Sarah A. Miller, Deseret News
Anderson speaks publicly about her husband's porn addiction because she knows there are many other women like her.

SALT LAKE CITY — If you can picture the shock, the pain and the lingering internal damage of being hit hard in the stomach with a baseball bat, then having to keep quiet about it, that's what it's like to find out your husband is addicted to porn.

You're horrified, you're feeling betrayed and you're terrified someone will find out — especially when he's a prominent religious leader.

That's how Christina Anderson remembers feeling when she found images her husband had forgotten to erase on the family's computer a few years back. A nationally known leader in his denomination, Pastor Bernie Anderson now shepherds the Wasatch Hills Seventh-day Adventist Church, sans the double life and the constant fear he held tightly to back then.

They've held their marriage together, though Christina says she'll never forget the hyper-vigilance she felt about keeping his secret in the beginning, even though it was eating her alive.

"I just figured that was the end of his career. In our denomination, appearances are very important and we don't talk about our stuff. He was our only source of income.

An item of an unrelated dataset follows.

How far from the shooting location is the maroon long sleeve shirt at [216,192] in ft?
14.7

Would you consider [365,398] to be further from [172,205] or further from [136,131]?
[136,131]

I was very nervous about what would happen if it ever leaked out, but privately, I had no clue what it even was. ... It was something I'd never been exposed to, and I didn't know you could be addicted to it."

'There were signs'

Like so many other women, she had watched her adoring husband pull further and further away from her and their daughters during the first seven years of their marriage, not understanding why his time at the church or in his private office in the backyard was always so much more enticing than they were. "There were signs along the way, but I didn't see them. ... Even when he was with us, he wasn't with us. He wasn't fully engaged in what we were doing."

There were always plenty of reasons for Bernie to be at the church or in the office early in the morning, late into the night and on weekends, too, she says. He spent most of his time alone, isolated with a computer, including the laptop he used at church but could pick up and take with him.

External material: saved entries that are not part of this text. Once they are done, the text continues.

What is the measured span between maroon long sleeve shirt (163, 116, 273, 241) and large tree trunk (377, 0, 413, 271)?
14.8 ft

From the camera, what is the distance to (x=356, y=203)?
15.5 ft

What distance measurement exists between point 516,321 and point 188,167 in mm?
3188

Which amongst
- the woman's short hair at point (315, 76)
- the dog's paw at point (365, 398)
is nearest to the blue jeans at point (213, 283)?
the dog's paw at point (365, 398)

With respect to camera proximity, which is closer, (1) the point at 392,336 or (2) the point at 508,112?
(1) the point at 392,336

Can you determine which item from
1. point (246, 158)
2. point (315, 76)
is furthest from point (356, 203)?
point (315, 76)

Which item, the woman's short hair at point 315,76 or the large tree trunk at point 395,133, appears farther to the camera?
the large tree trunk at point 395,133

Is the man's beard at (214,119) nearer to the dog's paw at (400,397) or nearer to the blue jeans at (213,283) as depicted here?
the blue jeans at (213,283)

As she felt more isolated, distance wasn't the only issue.

"There is a pruning process some men use by taking the focus off themselves and putting it on you," when questions are raised about the lack of family and couple time together. She remembers feeling guilty for bringing it up, because he would turn the tables with a comment like, "Oh, you're just kind of the jealous type," which made her out to be the one with the problem. "Looking back, I can see the behavior pattern, taking the focus off of him and putting it on me."

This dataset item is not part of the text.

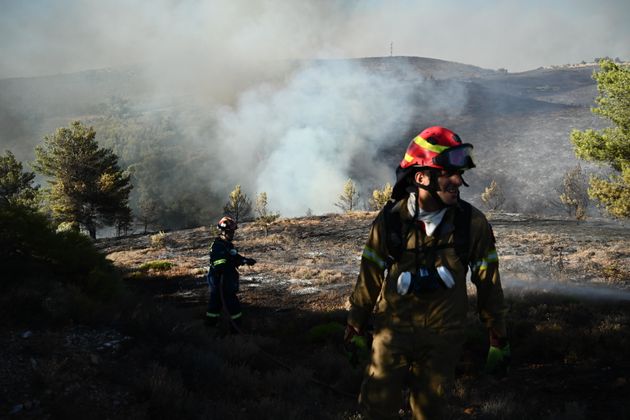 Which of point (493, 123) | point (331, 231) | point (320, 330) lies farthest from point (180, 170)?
point (320, 330)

Her requests for more time together were also met with an appeal to logic – she came from a close-knit family with parents who were happily married, while his parents divorced. "He would say 'I came from a different background,' or 'I haven't seen this type of love or relationship.' He used it to excuse the distance from me and the girls."

Even at church or in the mall, as she tried to converse with him, his mind would wander and she found him unable to stay on track. "He would look at women and be physically undressing them in his mind. I had no idea." When she confronted him about his lack of attention, he'd accuse her of being jealous all over again. "After a while I stopped even saying anything. I didn't want to be the nagging, jealous wife."

To this day, "I don't know that he ever acknowledged that," she says. "I just remember that I would feel bad. It created a self-doubt inside me. I never thought of myself as the jealous type."

Same as an affair

Because sexuality is part of the sacredness of marriage for most Christians, when the truth came out Christina felt "it was the same as (him) having an affair. If you're going to look at it on the screen, you've already done it in your mind." When she discovered the images that shattered his secret on the home computer, "it took me years to get them out of my head, and it took me four days to get up the courage to confront him."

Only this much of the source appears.